The next barriers to economic stability of the country were the stoppage of reparation
payments and the solution for it was to negotiate the Dawes Plan by April 1924. This helped to
reduce the annual payment to an affordable amount and France left the Ruhr region. Germany
resumed their remaining reparation payments while US invested 800,000,000 marks within the
industries of Germany. The economy of the country began to recover though it was reliant on US
loans which was a cause of annoyance for the right Wing Germans as if anything happens to the
US economy it may drastically impact the German economy again (Peel and Spiru. 2018).
Moreover the Locarno Pact of 1925 was important to be established as the country was a
pariah on the international sphere.

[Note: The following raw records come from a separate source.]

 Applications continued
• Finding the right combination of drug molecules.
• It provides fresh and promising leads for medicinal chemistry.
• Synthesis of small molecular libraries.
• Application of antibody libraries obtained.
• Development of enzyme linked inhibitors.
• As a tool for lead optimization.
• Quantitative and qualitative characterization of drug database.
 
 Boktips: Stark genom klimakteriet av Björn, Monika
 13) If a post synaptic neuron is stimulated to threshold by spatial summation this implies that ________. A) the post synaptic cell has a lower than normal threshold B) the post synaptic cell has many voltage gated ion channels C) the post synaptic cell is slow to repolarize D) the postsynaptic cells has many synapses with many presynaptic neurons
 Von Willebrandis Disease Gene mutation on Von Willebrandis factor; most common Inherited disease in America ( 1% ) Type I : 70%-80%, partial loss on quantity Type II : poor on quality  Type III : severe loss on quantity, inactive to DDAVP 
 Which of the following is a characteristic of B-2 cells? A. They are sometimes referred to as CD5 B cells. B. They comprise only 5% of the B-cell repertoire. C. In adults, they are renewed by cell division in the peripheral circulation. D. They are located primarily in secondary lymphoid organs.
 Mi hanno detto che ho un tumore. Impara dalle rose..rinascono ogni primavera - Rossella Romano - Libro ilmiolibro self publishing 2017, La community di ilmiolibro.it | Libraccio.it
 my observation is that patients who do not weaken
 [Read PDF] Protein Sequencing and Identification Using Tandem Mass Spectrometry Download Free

It agreed to keep the new 1919 borders with countries like
France and Belgium. Germany entered into the League of Nations (September 1926) as the
country was seen as equal with other countries and the allies’ troops left Rhineland. As per the
Kellogg – Briand Pact 1928, countries together decided not to use war as a medium of achieving
their foreign policy plans as it drastically affects the overall economic system.

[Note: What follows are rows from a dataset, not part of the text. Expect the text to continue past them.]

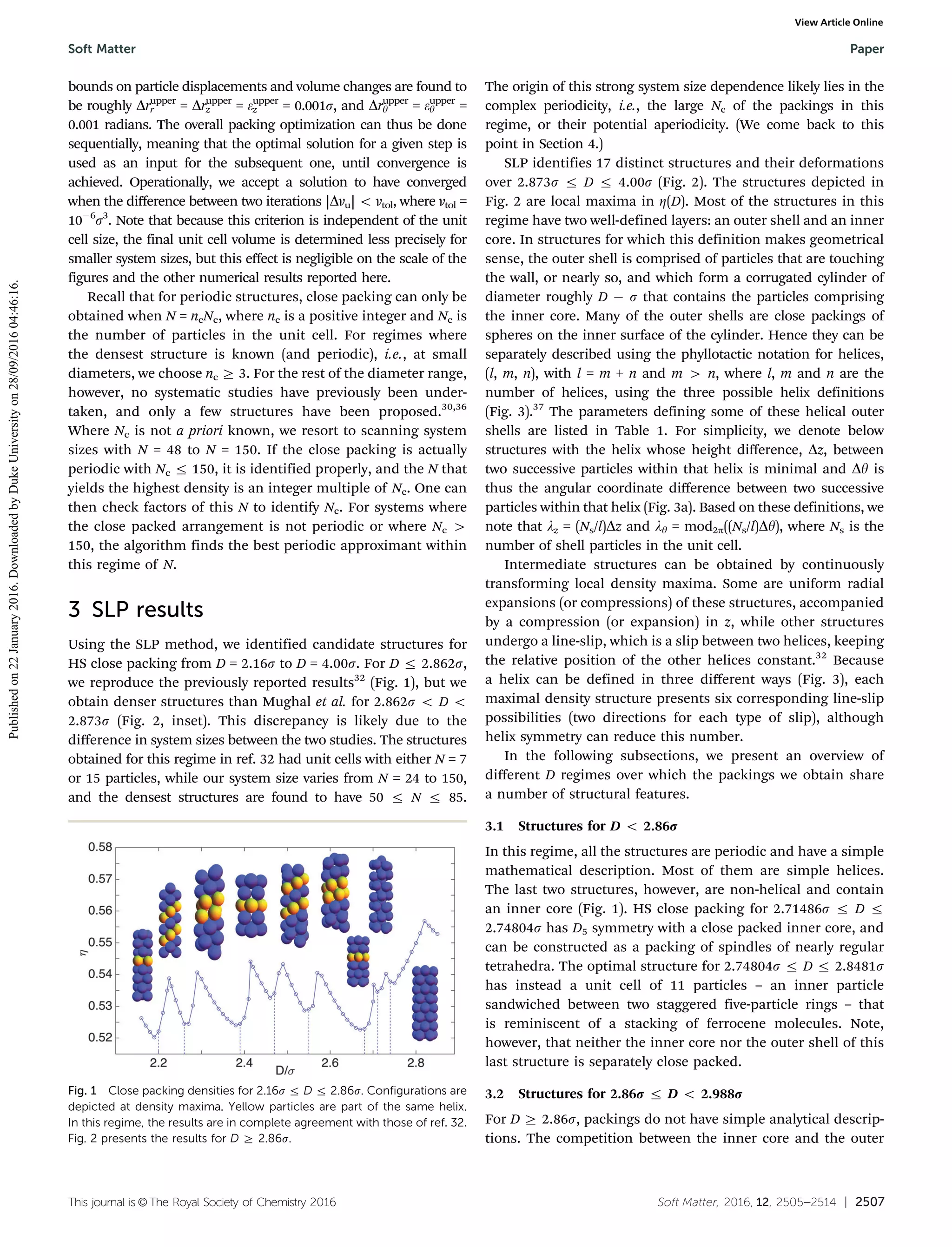 This journal is ©The Royal Society of Chemistry 2016 Soft Matter, 2016, 12, 2505--2514 | 2507
bounds on particle displacements and volume changes are found to
be roughly Drupper
r = Drupper
z = eupper
z = 0.001s, and Drupper
y = eupper
y =
0.001 radians. The overall packing optimization can thus be done
sequentially, meaning that the optimal solution for a given step is
used as an input for the subsequent one, until convergence is
achieved. Operationally, we accept a solution to have converged
when the diﬀerence between two iterations |Dvu| o vtol, where vtol =
10À6
s3
. Note that because this criterion is independent of the unit
cell size, the final unit cell volume is determined less precisely for
smaller system sizes, but this eﬀect is negligible on the scale of the
figures and the other numerical results reported here.
Recall that for periodic structures, close packing can only be
obtained when N = ncNc, where nc is a positive integer and Nc is
the number of particles in the unit cell. For regimes where
the densest structure is known (and periodic), i.e., at small
diameters, we choose nc Z 3. For the rest of the diameter range,
however, no systematic studies have previously been under-
taken, and only a few structures have been proposed.30,36
Where Nc is not a priori known, we resort to scanning system
sizes with N = 48 to N = 150. If the close packing is actually
periodic with Nc r 150, it is identified properly, and the N that
yields the highest density is an integer multiple of Nc. One can
then check factors of this N to identify Nc. For systems where
the close packed arrangement is not periodic or where Nc 4
150, the algorithm finds the best periodic approximant within
this regime of N.
3 SLP results
Using the SLP method, we identified candidate structures for
HS close packing from D = 2.16s to D = 4.00s. For D r 2.862s,
we reproduce the previously reported results32
(Fig. 1), but we
obtain denser structures than Mughal et al. for 2.862s o D o
2.873s (Fig. 2, inset). This discrepancy is likely due to the
diﬀerence in system sizes between the two studies. The structures
obtained for this regime in ref. 32 had unit cells with either N = 7
or 15 particles, while our system size varies from N = 24 to 150,
and the densest structures are found to have 50 r N r 85.
The origin of this strong system size dependence likely lies in the
complex periodicity, i.e., the large Nc of the packings in this
regime, or their potential aperiodicity. (We come back to this
point in Section 4.)
SLP identifies 17 distinct structures and their deformations
over 2.873s r D r 4.00s (Fig. 2). The structures depicted in
Fig. 2 are local maxima in Z(D). Most of the structures in this
regime have two well-defined layers: an outer shell and an inner
core. In structures for which this definition makes geometrical
sense, the outer shell is comprised of particles that are touching
the wall, or nearly so, and which form a corrugated cylinder of
diameter roughly D À s that contains the particles comprising
the inner core. Many of the outer shells are close packings of
spheres on the inner surface of the cylinder. Hence they can be
separately described using the phyllotactic notation for helices,
(l, m, n), with l = m + n and m 4 n, where l, m and n are the
number of helices, using the three possible helix definitions
(Fig. 3).37
The parameters defining some of these helical outer
shells are listed in Table 1. For simplicity, we denote below
structures with the helix whose height diﬀerence, Dz, between
two successive particles within that helix is minimal and Dy is
thus the angular coordinate diﬀerence between two successive
particles within that helix (Fig. 3a). Based on these definitions, we
note that lz = (Ns/l)Dz and ly = mod2p((Ns/l)Dy), where Ns is the
number of shell particles in the unit cell.
Intermediate structures can be obtained by continuously
transforming local density maxima. Some are uniform radial
expansions (or compressions) of these structures, accompanied
by a compression (or expansion) in z, while other structures
undergo a line-slip, which is a slip between two helices, keeping
the relative position of the other helices constant.32
Because
a helix can be defined in three diﬀerent ways (Fig. 3), each
maximal density structure presents six corresponding line-slip
possibilities (two directions for each type of slip), although
helix symmetry can reduce this number.
In the following subsections, we present an overview of
diﬀerent D regimes over which the packings we obtain share
a number of structural features.
3.1 Structures for D o 2.86r
In this regime, all the structures are periodic and have a simple
mathematical description. Most of them are simple helices.
The last two structures, however, are non-helical and contain
an inner core (Fig. 1). HS close packing for 2.71486s r D r
2.74804s has D5 symmetry with a close packed inner core, and
can be constructed as a packing of spindles of nearly regular
tetrahedra. The optimal structure for 2.74804s r D r 2.8481s
has instead a unit cell of 11 particles – an inner particle
sandwiched between two staggered five-particle rings – that
is reminiscent of a stacking of ferrocene molecules. Note,
however, that neither the inner core nor the outer shell of this
last structure is separately close packed.
3.2 Structures for 2.86r r D o 2.988r
For D Z 2.86s, packings do not have simple analytical descrip-
tions. The competition between the inner core and the outer
Fig. 1 Close packing densities for 2.16s r D r 2.86s. Configurations are
depicted at density maxima. Yellow particles are part of the same helix.
In this regime, the results are in complete agreement with those of ref. 32.
Fig. 2 presents the results for D Z 2.86s.
Soft Matter Paper
Publishedon22January2016.DownloadedbyDukeUniversityon28/09/201604:46:16.
View Article Online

The next plan to counter reparation which was 6.6 billion pounds was through the young
Plan by 1929. With implementation of this plan, the reparation was cut down to 2 billion from
6.6 billion and 59 more years were permitted until 1988 to pay the reparation payments back to
the allies (Braskén. 2015). This strengthened the Weimar Republic upon which people trusted
and the aspect of hyperinflation was gradually reduced to a feasible level.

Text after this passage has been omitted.